On December 18, the U.S. Senate followed the U.S. House in approving the $1.1 trillion Consolidated Appropriations Act of 2016, which includes provisions that will extend the investment tax credits (ITCs) for solar and wind projects, and will lift the 40-year ban on exporting oil. The provisions both were included in the omnibus bill as a result of a bipartisan compromise that allowed both Democrats and Republicans to lay claim to what they wanted most – the renewable energy subsidies, for the former; the fossil fuel market stimulus, for the latter.
“May the force be with you,” Senator Dianne Feinstein (D-CA), a senior member of the Appropriations Committee and a ranking member of the Subcommittee on Energy and Water Development, exhorted her colleagues, in favor of the package, according to SRECTrade, just hours after the House passed the bill by a 316 to 113 vote. Shortly afterward the Senate approved the measure by a 65 to 33 margin. President Barack Obama also signed off on the bill on the same day.
“I voted for the omnibus and tax extenders because I think our nation is best served by fiscal certainty,” Feinstein later commented. Stability and predictability in our tax code will help promote economic growth.”
The solar tax credit has been extended for five years, with a gradual decrease in funding over that time period: Effective January 1, 2017:
- Projects that break ground by 2019 – or which are placed in service after December 31, 2016, and before January 1, 2020 – will receive the current 30 percent tax credit.
- Projects that start construction in 2020 –or are placed in service after December 31, 2019, and before January 1, 2021 –will receive a 26 percent tax credit.

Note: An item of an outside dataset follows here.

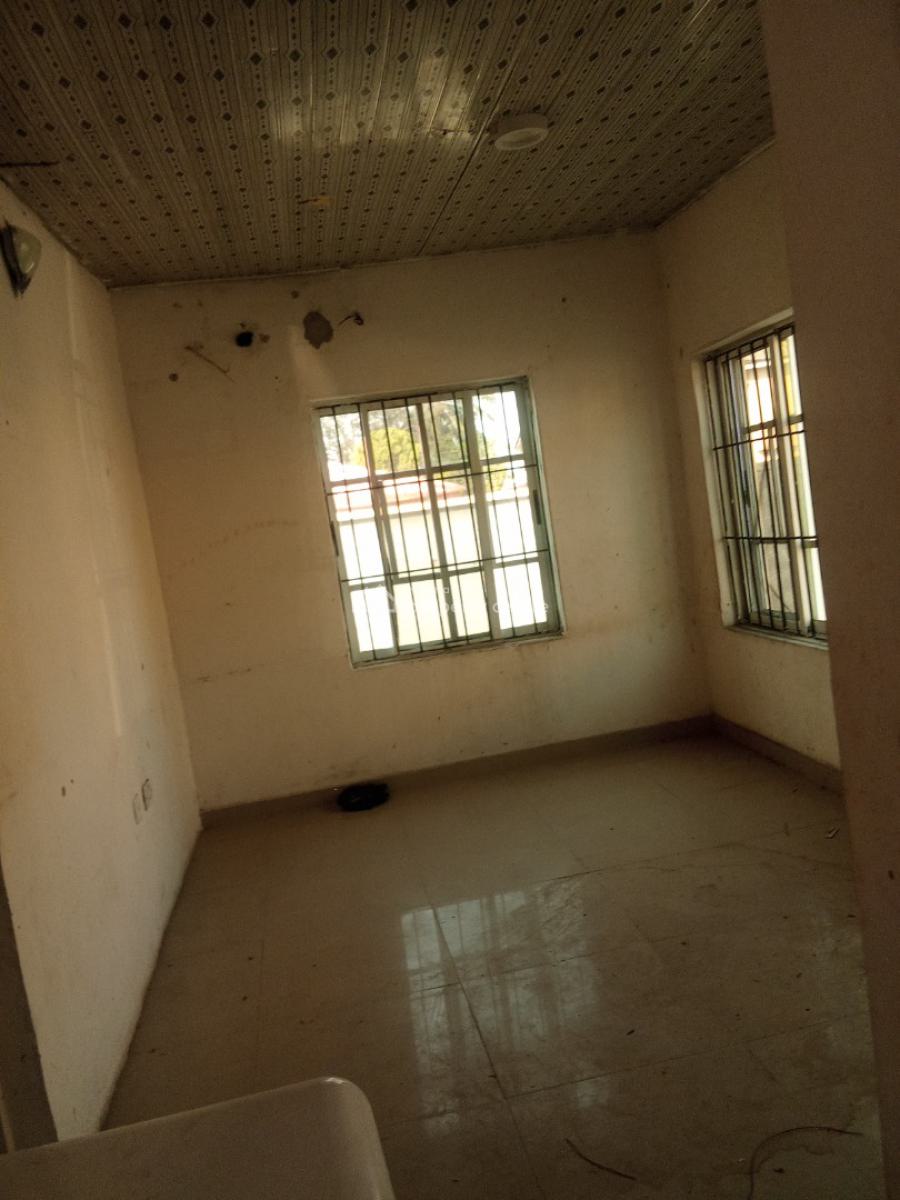 Sharp Miniflat, Along Eputu Road, Awoyaya, Ibeju Lekki, Lagos, Mini Flat (room and Parlour) for Rent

- Projects that begin in 2021 – or are placed in service after December 31, 2020, and before January 1, 2022 – will receive a 22 percent tax credit.
- As of 2022, the ITC will be reduced to 10 percent for non-residential and third-party owned residential systems, and to 0 percent for host-owned residential generation.
The provisions of the wind tax credit are slightly different. As approved by Congress, the incentive would remain at its present level –$0.023/kilowatt hour (kWh) – through year-end 2016. It would then be cut to 80 percent of its current value in 2017; to 60 percent in 2018; and to 40 percent in 2019. All wind projects will qualify, provided that they start construction before the end of the five-year period.
The extension will add an extra 20 gigawatts (GW) of solar power—more than every panel ever installed in the U.S. prior to 2015, according to Bloomberg New Energy Finance (BNEF). The wind credit will contribute another 19 GW over five years. Combined, the extensions will spur more than $73 billion of investment and supply enough electricity to power 8 million U.S. homes, according to BNEF.
The tax credits, valued at about $25 billion over five years, will drive $38 billion of investment in solar and $35 billion in wind through 2021, BNEF calculates. As for oil exports, the measure mandates that “ to promote the efficient exploration, production, storage, supply, marketing, pricing, and regulation of energy resources, including fossil fuels, no official of the federal government shall impose or enforce any restriction on the export of crude oil.”
“Now that we have leveled the playing field, the United States finally has an opportunity to compete and realize our nation’s full potential as a global energy superpower,” commented George Baker, head of Producers for American Crude Oil Exports, to BBC.com.